Contract authority gives agencies the power to incur obligations in advance of appropriations. Agencies incurred $165 billion in such obligations in 2015.
Borrowing authority, as the name implies, gives agencies the wherewithal to take on debt, which they did to the tune of $13 billion in 2015.
That all this spending takes place outside of the legislative process is bad enough. What’s worse is that it keeps growing and making up an ever-larger portion of federal spending. In 1994, the latest year included on the GAO’s last look at delegated spending authority, such authority accounted for $1.7 trillion. Thus, even after adjusting for inflation, delegated spending authority increased by 87 percent, to $3.2 trillion, over the next 21 years.

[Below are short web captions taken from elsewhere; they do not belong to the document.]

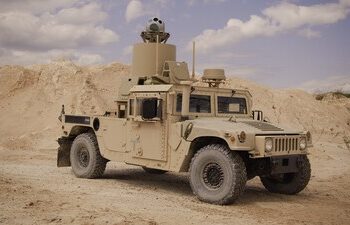 ELTA North America Successful in Pentagon's Highly Selective Drone Defense Swarm Demo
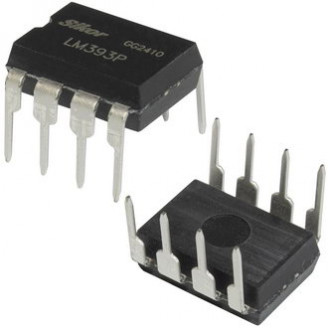 LM393P LM393P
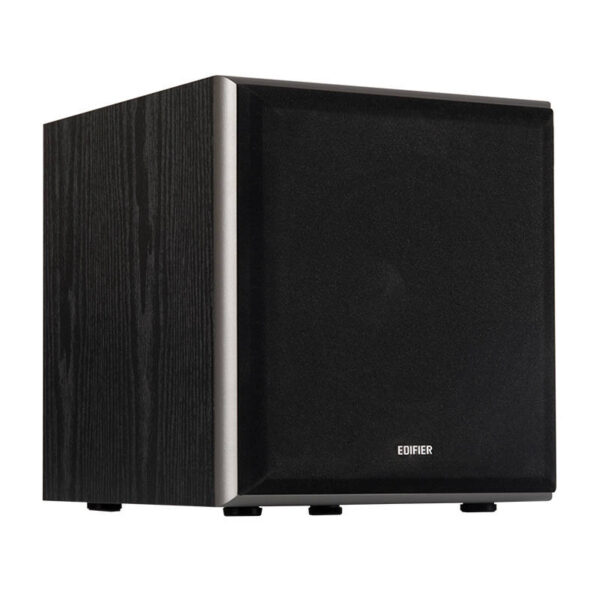 Subwoofer Edifier T5 (czarny) - obrazek 4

Permanent appropriations grew by 81 percent during that same time period, and they continue to increase as the population ages and healthcare costs keep rising. Offsetting collections shot up 126 percent, which suggests that agencies are taking every opportunity to impose fines and fees to boost their budgets and limit congressional oversight. But the biggest jump of all occurred under contract authority, which saw 166-percent growth. Have agencies come to believe they can present the obligations in signed contracts to Congress as a fait accompli?
On top of all that, Congress has made a shrinking portion of federal spending subject to budget sequestration, so reining in spending is more difficult than ever.
Investor’s Business Daily offered its take on the situation:
The GAO says that this federal spending authority is supposed to provide federal agencies with greater flexibility, because they can run programs without having to wait for Congressional approval each year.
But it really amounts to an abdication of responsibility on the part of elected officials.
By putting more and more of the government on autopilot, lawmakers — both Republicans and Democrats — can wash their hands of most of the federal budget. Sure, Congress can change the rules to rein in entitlements, offsetting collections, and the like. But if it does nothing — the easiest road for lawmakers to take — the spending happens anyway.
Representatives and senators need to reclaim spending decisions from unelected bureaucrats as required by the Constitution. Then they need to follow the rest of that document and start slashing away at the countless programs that are driving the United States toward fiscal ruin.